Prove/disprove that there exists a orthonormal basis $\mathcal{B}=\{e_{1},...,e_{n}\}$ of $H$ such that $\mathcal{C} =\{e_{i_{1}} \wedge ... e_{i_{k}}: 1 \leq i_{1} < ...<i_{k} \leq n \}$ is a orthogonal basis of $(\wedge^{k} H, \langle \cdot, \cdot \rangle_{2})$.
I tried to following the ask in this topic:
I consider the theorem of Singular Value, but I didn´t get any advance.
Hints or solutions are greatly appreciated.
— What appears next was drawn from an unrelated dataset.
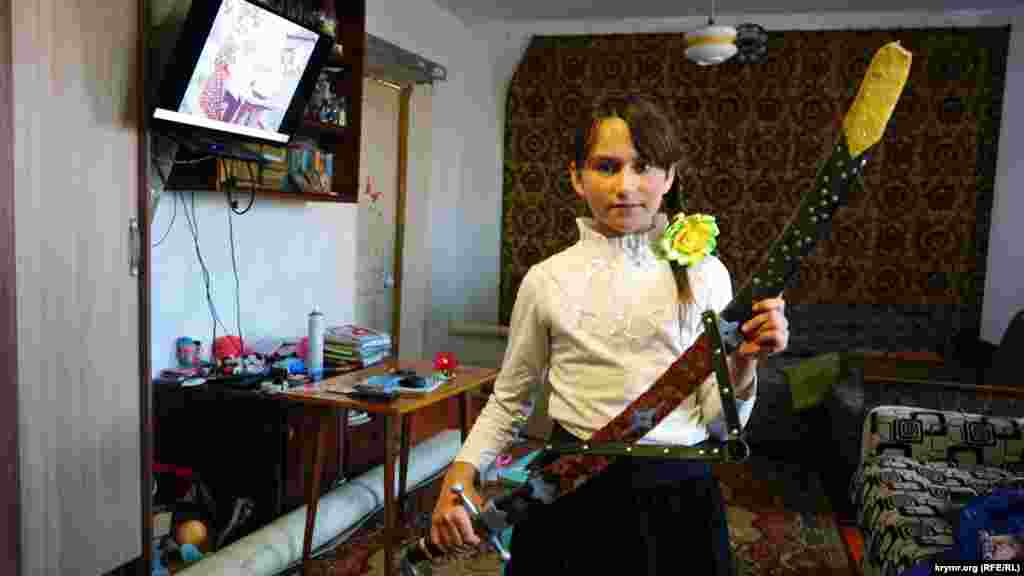 Праправнучка кобзаря Таня с семейной реликвией – саблей, которую когда-то подарили ее прапрадеду поклонники его таланта.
This is false in general as can be seen by dimensional considerations. Define
$$ S = \{ (e_1, \dots, e_n) \, | \, (e_i)_{i=1}^n \text{ is an orthonormal basis of } (H, \left< \cdot, \cdot \right>) \} $$
and
$$ T = \{ g \colon \Lambda^k(H) \times \Lambda^k(H) \rightarrow \mathbb{R} \, | \, g \text{ is an inner product on } \Lambda^k(H) \} $$
and let $l = \dim \Lambda^k(H) = { n \choose k }$. Consider the map $\varphi \colon S \times (\mathbb{R}_{+})^l \rightarrow T$ which sends $((e_1, \dots, e_n), (\lambda_I))$ to an inner product $g$ on $\Lambda^k(H)$ which is determined uniquely by requiring that $g(e_I, e_J) = \delta_{I,J} \lambda_I$ for all $I,J$ (where $I = (i_1 < \dots < i_k)$ is an increasing multi-index and $e_I = e_{i_1} \wedge \dots \wedge e_{i_k}$). You can readily verify that the map $\varphi$ is a smooth map from a $\frac{n(n-1)}{2} + l$ dimensional manifold to a $\frac{l(l+1)}{2}$ dimensional manifold.
Consider for example $n = 4$ and $k = 2$. Then $\varphi$ is a smooth map between a $12$-dimensional manifold and a $21$-dimensional manifold and so it can't be onto. Hence, there exists inner products $g$ on $\Lambda^k(H)$ for which we cannot find an orthonormal basis $(e_i)$ of $H$ such that the corresponding basis $e_I$ of $\Lambda^k(H)$ is $g$-orthogonal.